Thursday, 13 February 2014

Do I want to change the world?

Sounds a bit ambitious! This question was asked at a recent writers' meeting held at Gladstone's Library where most of the Malinding series of books were written. It gave me rather a shock at the time but I've thought about it and I've decided that, yes, I do want to change the world!
Think back to your days at school; the bullies picked on what they thought were differences between children - red hair, perhaps, or perhaps some one who wore glasses or the 'wrong' type of clothes - and made their lives a misery. It occurs to me now that in fact people all over the world have far more in common than is usually thought. My friends of whatever colour or creed want to live in peace, provide their families with a home, enough food, and to manage to keep them healthy and educated. They want to be able to greet each new day with a smile and know where the next meal is coming from.
 It seems that our politicians want something different - power. Yesterday's paper - The Guardian - had a centre-page spread showing that Britain has been at war, somewhere in the world, every year for the last hundred years. Surely that's a record to be ashamed of?

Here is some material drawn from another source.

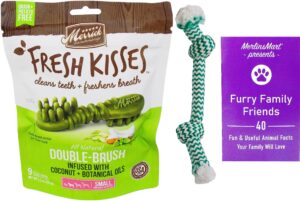 merrick fresh kisses oral care chews dental dog treats with coconut - small snacks for pups 15-25 lbs (9 count) - plus rope toy and fun animal facts booklet bundle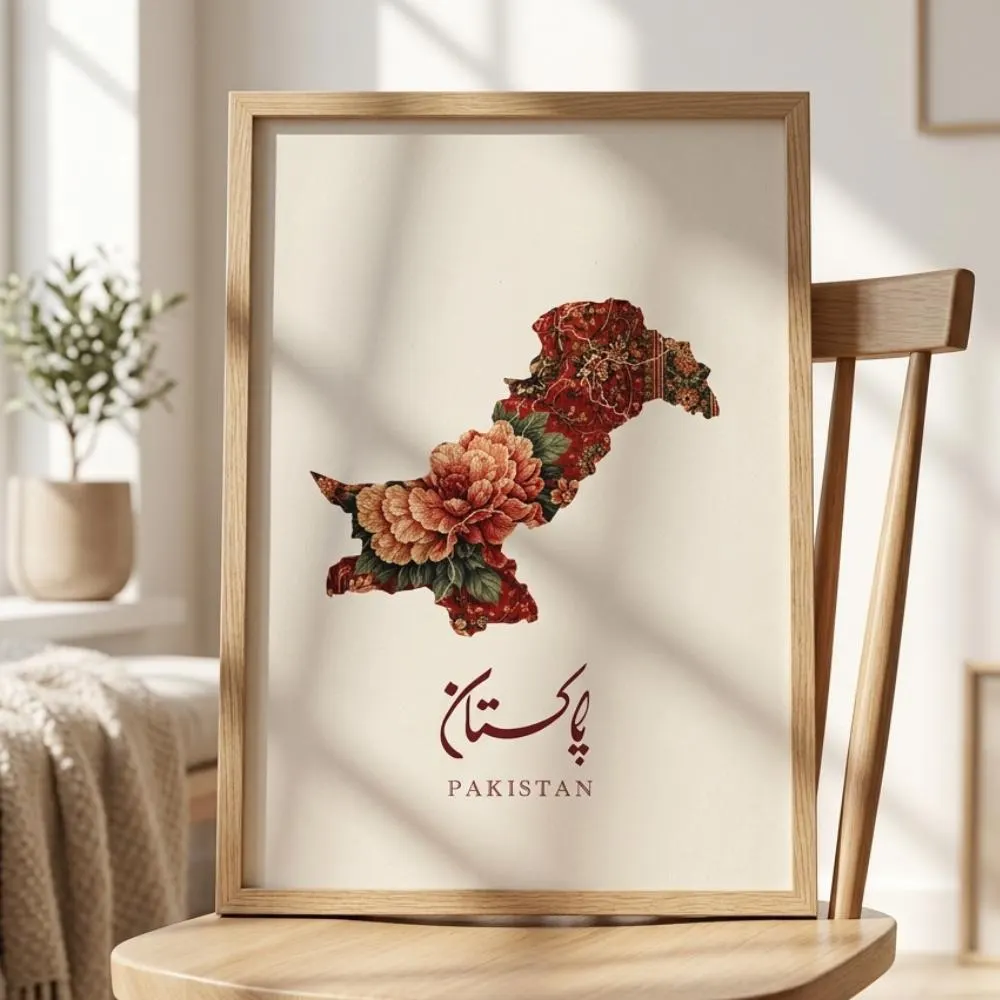 Pakistan Map Art Print, Floral Carpet Textile Pattern, Urdu Calligraphy (Digital Download) - image 3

 My books try to show people in my two favourite countries living at peace with one another. 'Empty Bananas' has an old, sad, white man finding love and a reason for living in Malinding village (which, as I often point out, does not exist but it might do!); 'The Mechanical Girl' is a story about an uneducated girl who achieves great things and sets about improving the world in her own way; 'Mussukunda' is a story about a middle-aged, unemployed white woman who changes the world (and her life), by volunteering to work in a refuge for women; 'The Alkalo' is the story of a woman - the lady who married the sad white man mentioned a few lines above - and rises to a position of great responsibility in her village (no prize for guessing the name of the village ...).
 The book I'm working on at the present is intended to show the truth of the saying "for evil to flourish it is only necessary for good men to do nothing" and tells the story of how a tiny nation saves civilisation by acts of kindness. I like my books to have happy endings!
 Rant over. Thanks for putting up with me for so long.